Task item:
Find, in the records below, the line that contains "Hotelli Greentree Inn" and the line that contains "三輪車 Big Crew Neck Sweatshirt". Copy those two lines and everything between them exactly, but not the pictures.

****************************************

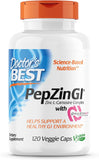 Doctor's Best PepZin GI, Zinc-L-Carnosine Complex, Non-GMO, Vegan, Gluten Free, Soy Free, Digestive Support, 120 Veggie Caps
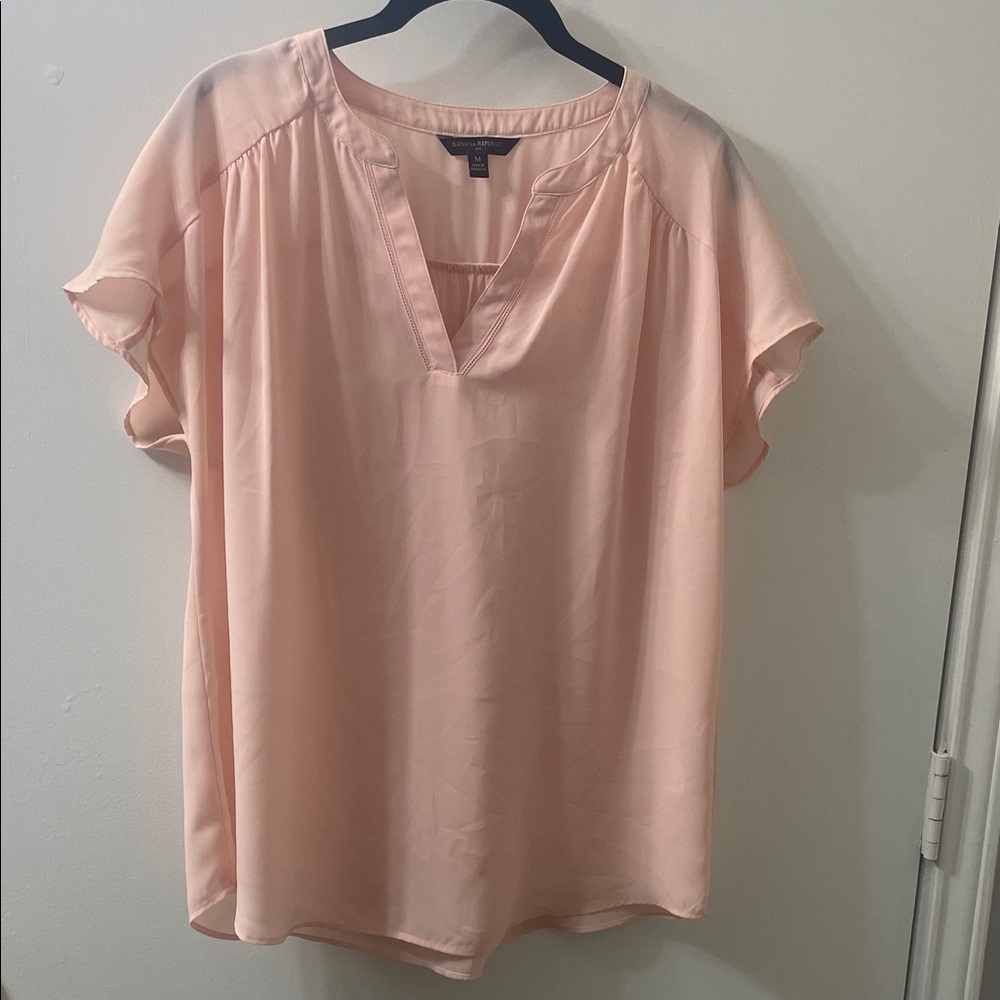 Banana Republic Light Pink Blouse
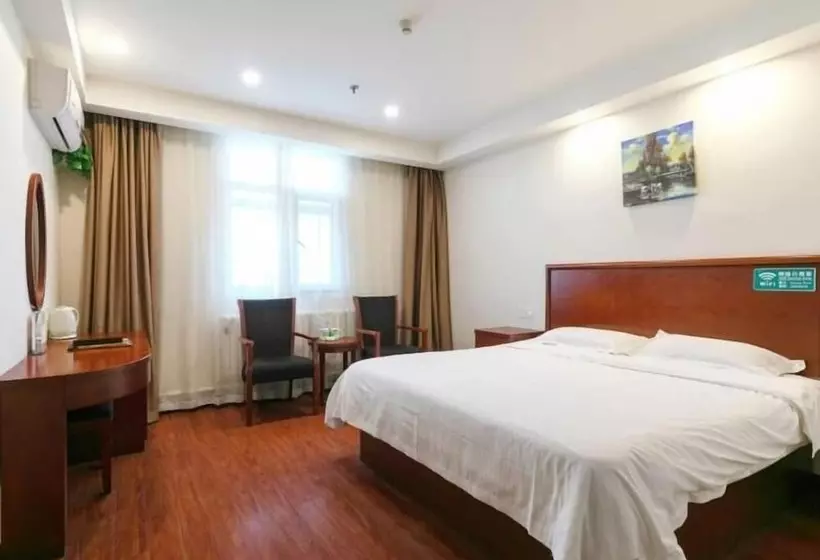 Hotelli Greentree Inn Shandong Yantai Fushan District Yongda Street Express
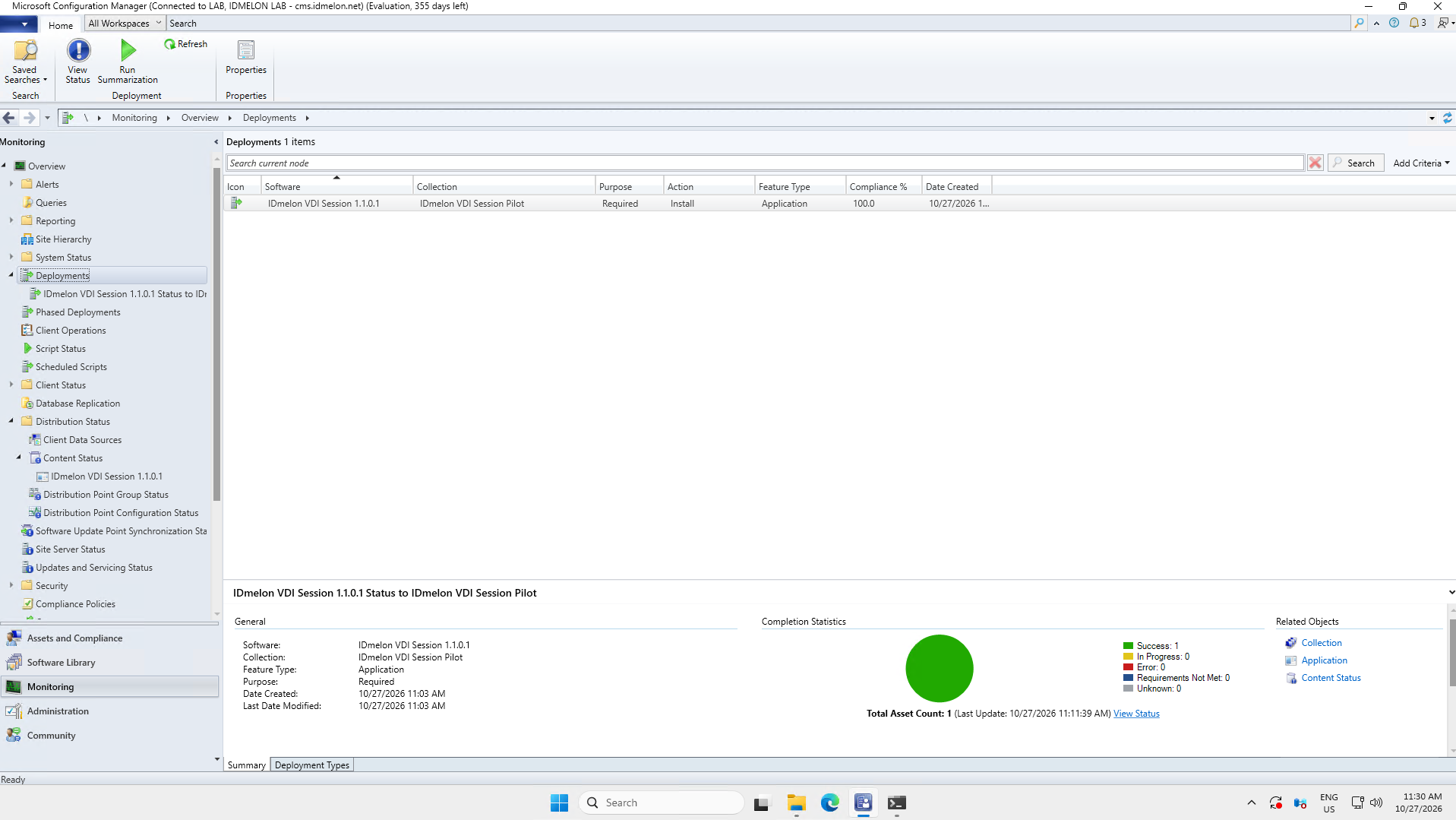 Monitor Deployment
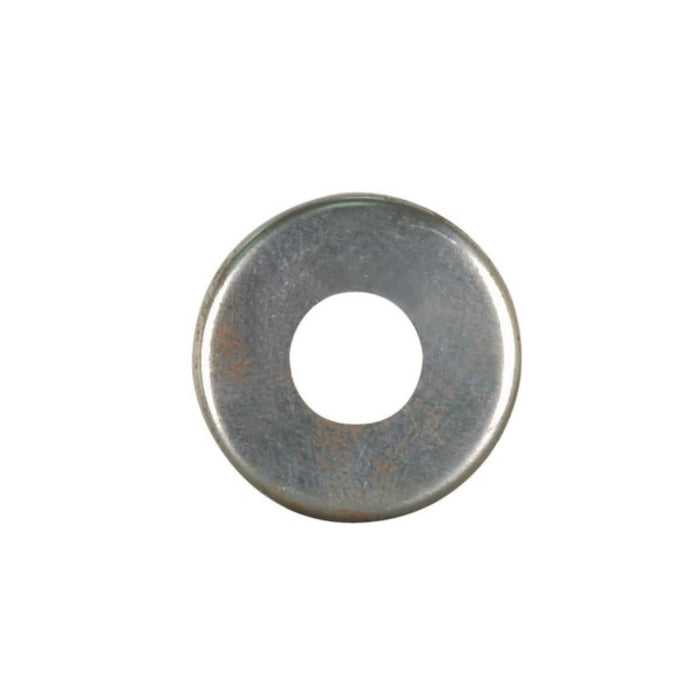 Satco 90-2067 Steel Check Ring Straight Edge 1/8 IP Slip Unfinished 2" Diameter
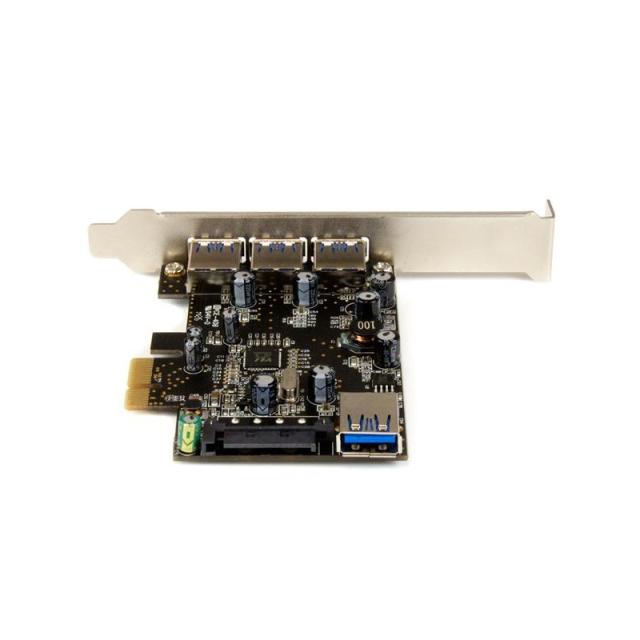StarTech.com - Tarjeta PCI Express con 4 Puertos USB 3.0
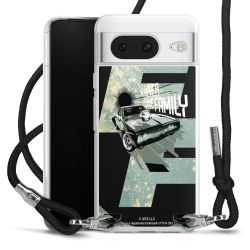 Carry Case Transparent Fabric black/silver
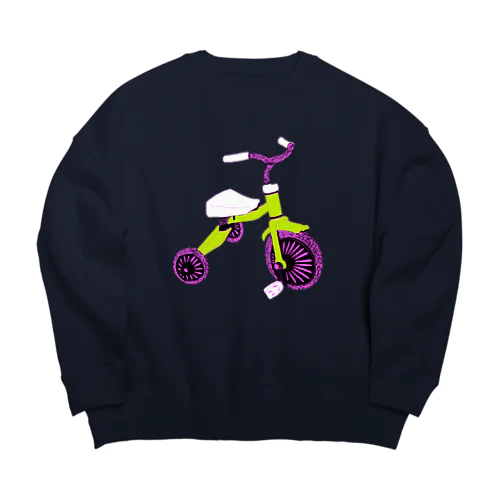 三輪車 Big Crew Neck Sweatshirt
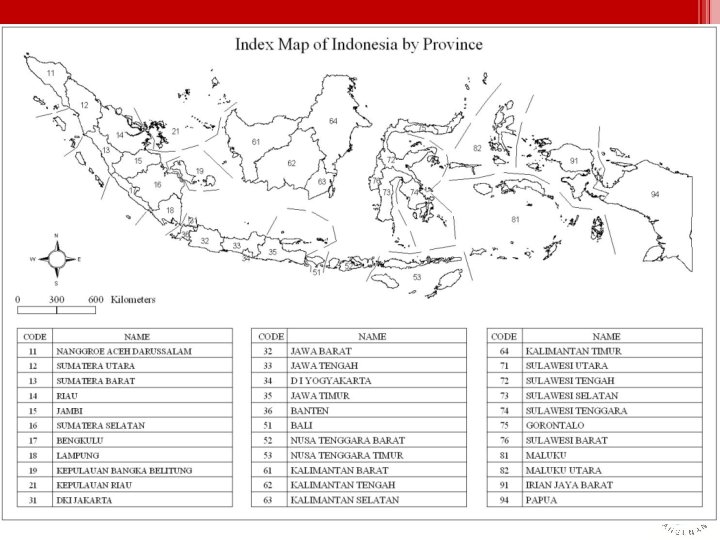 Administrative Area Index Map 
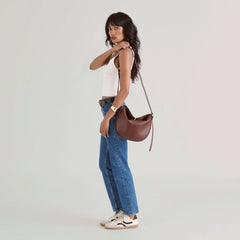 Burano Brown Leather Crossbody / Dolce Vita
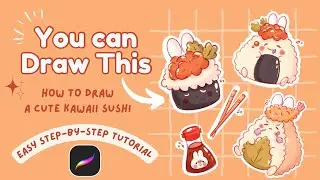 How to Draw a Cute Kawaii Sushi 🍣✨| Easy Step-by-Step Drawing | Beginner-Friendly Tutorial ✨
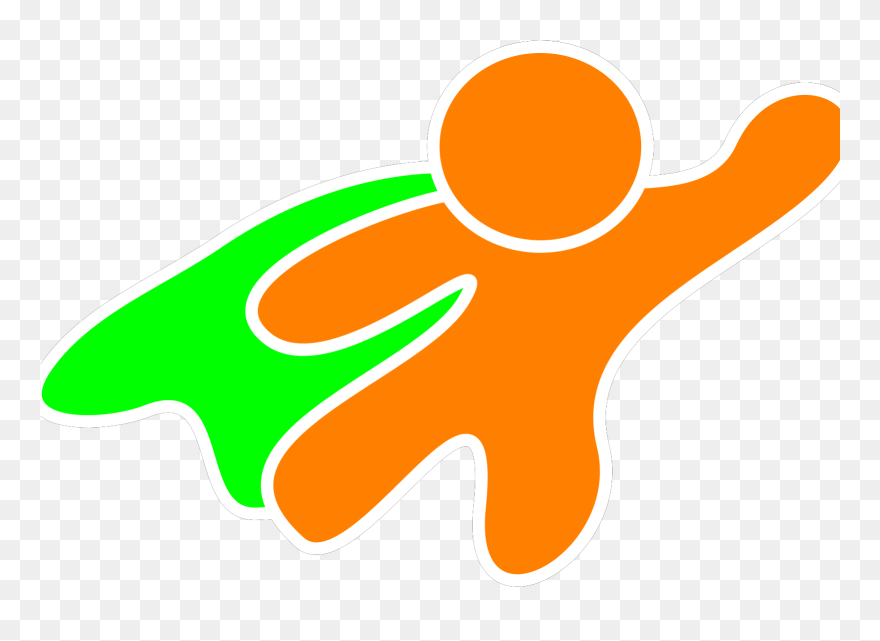 Stickman Superhero Png Clipart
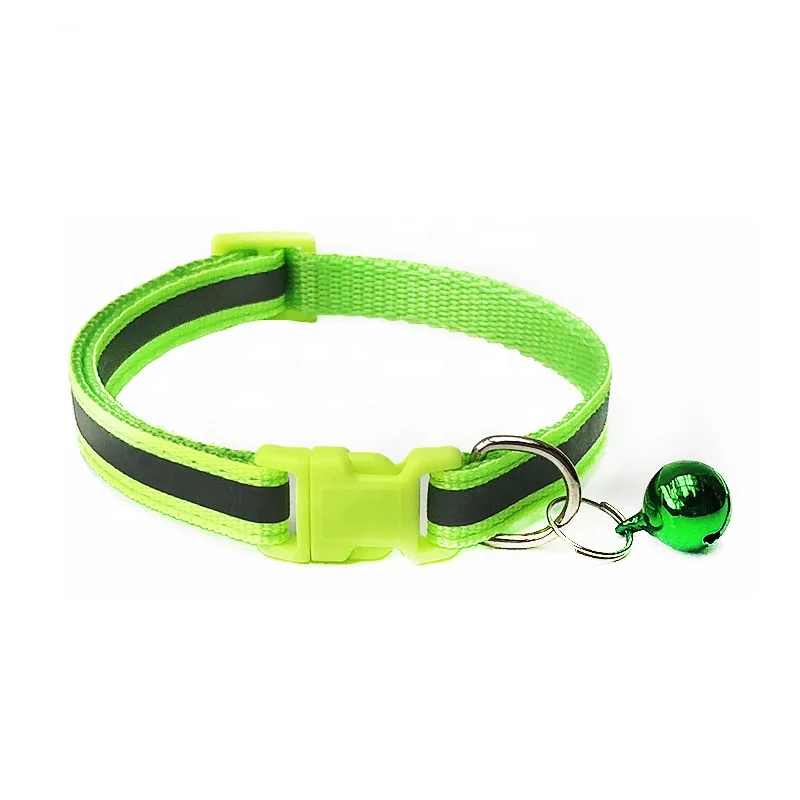 Pet products light-reflecting dog collar cat collar Available in 12 Colors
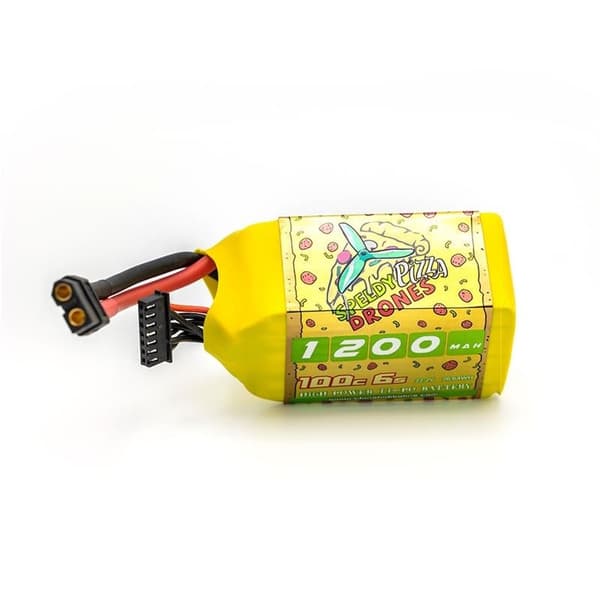 6s  1200mAh -100C - SpeedyPizzaDrones XT60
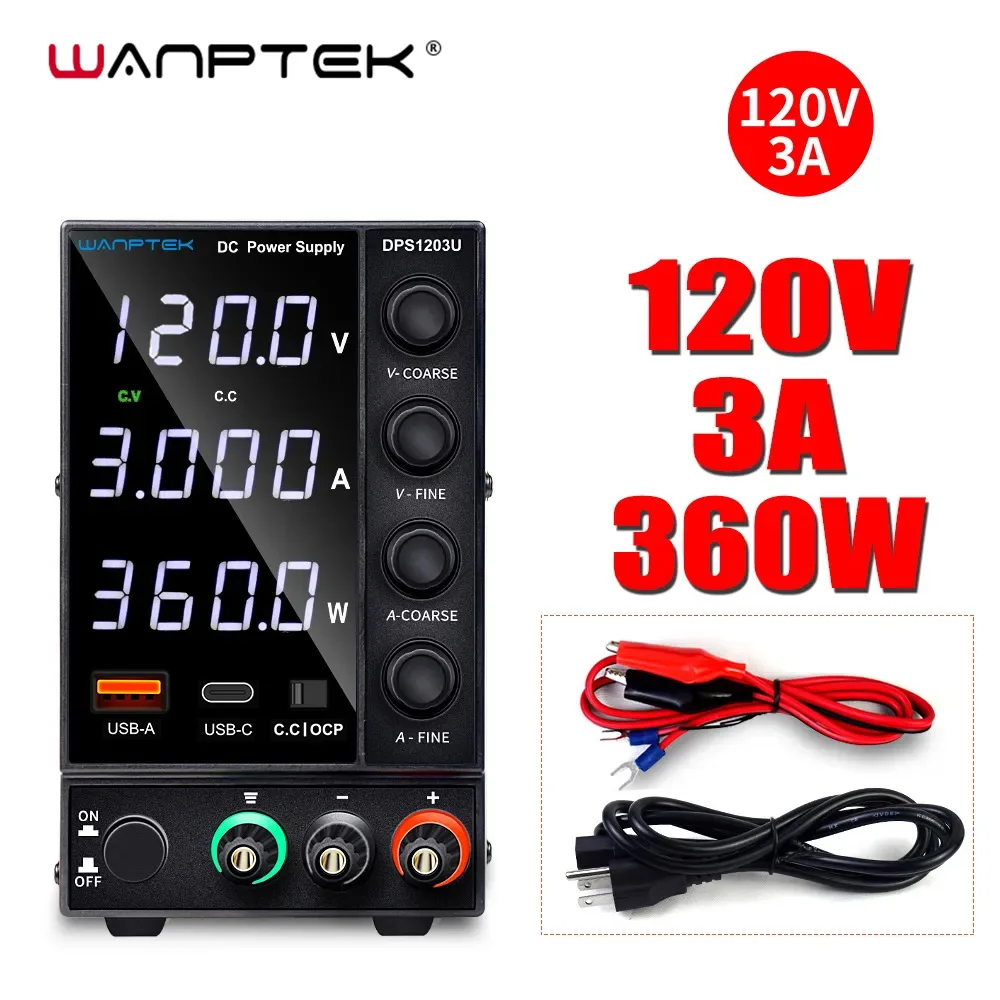 wanptek comutacao ajustavel dc power supply laboratorio digital led display ajustar a fonte de bancada regulada 220v a 12v 3a 120v 01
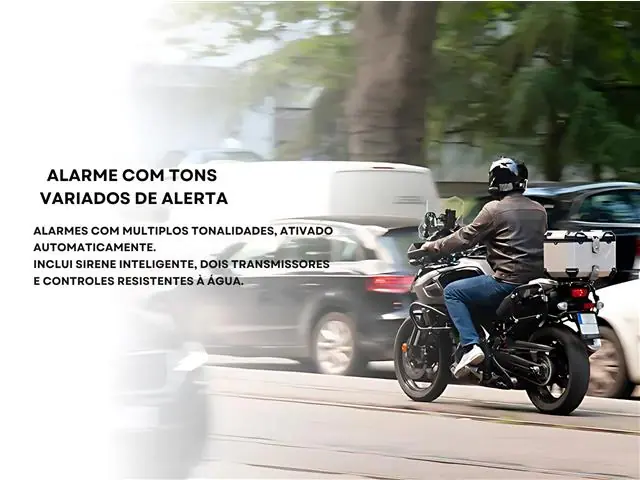 Alarme Universal para Motos com Controle Antifurto Gadnic - 2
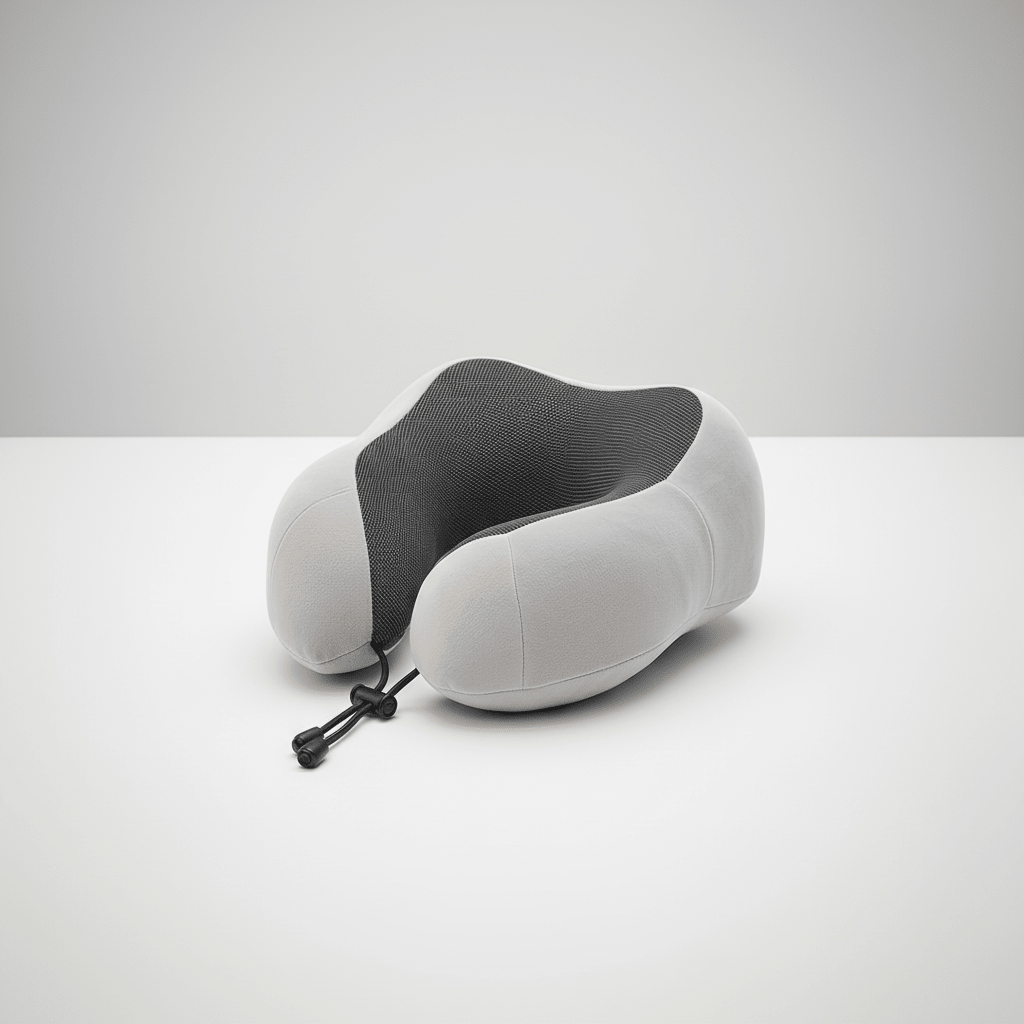 Travel Memory Foam Ergonomic Pillow - All-Position Comfort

****************************************

Written solution:
 Hotelli Greentree Inn Shandong Yantai Fushan District Yongda Street Express
 Monitor Deployment
 Satco 90-2067 Steel Check Ring Straight Edge 1/8 IP Slip Unfinished 2" Diameter
StarTech.com - Tarjeta PCI Express con 4 Puertos USB 3.0
 Carry Case Transparent Fabric black/silver
 三輪車 Big Crew Neck Sweatshirt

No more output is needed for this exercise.